EXERCISE PROMPT - The whole listing needs to be written out exactly, except for any images.

MATERIAL PROVIDED -
*****
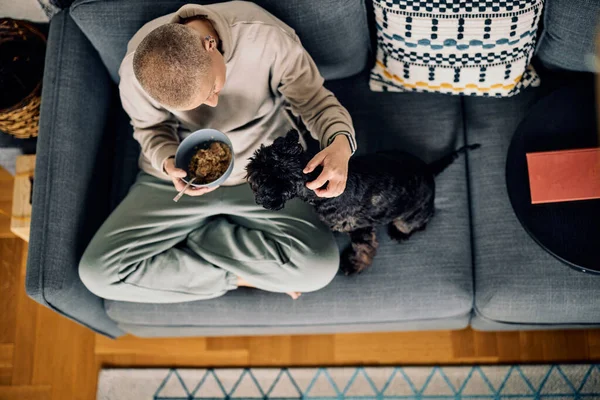 Ovanifrån Äldre Kvinna Med Kort Hår Sitter Soffa Hemma Äter — Stockfoto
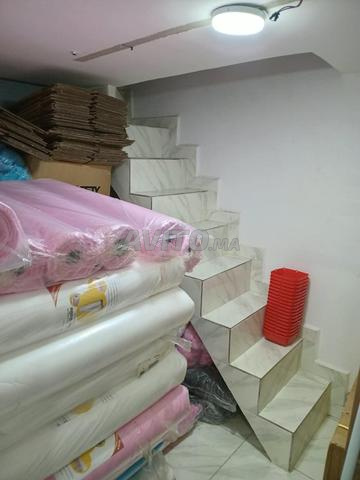 Local à vendre avec revenu mensuel
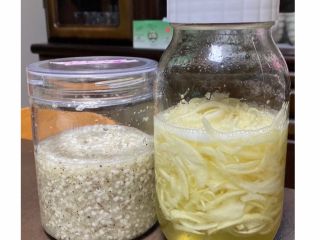 玉ねぎの麹(左)と玉ねぎのシロップ(右)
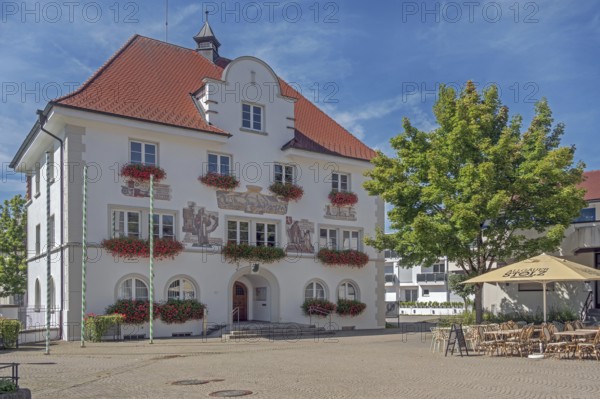 The town hall, the façade tells of the highlights of the town's history, Kisslegg, Allgäu, Baden-Württemberg, Germany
*****
ANSWER AREA -
 Ovanifrån Äldre Kvinna Med Kort Hår Sitter Soffa Hemma Äter — Stockfoto
 Local à vendre avec revenu mensuel
 玉ねぎの麹(左)と玉ねぎのシロップ(右)
 The town hall, the façade tells of the highlights of the town's history, Kisslegg, Allgäu, Baden-Württemberg, Germany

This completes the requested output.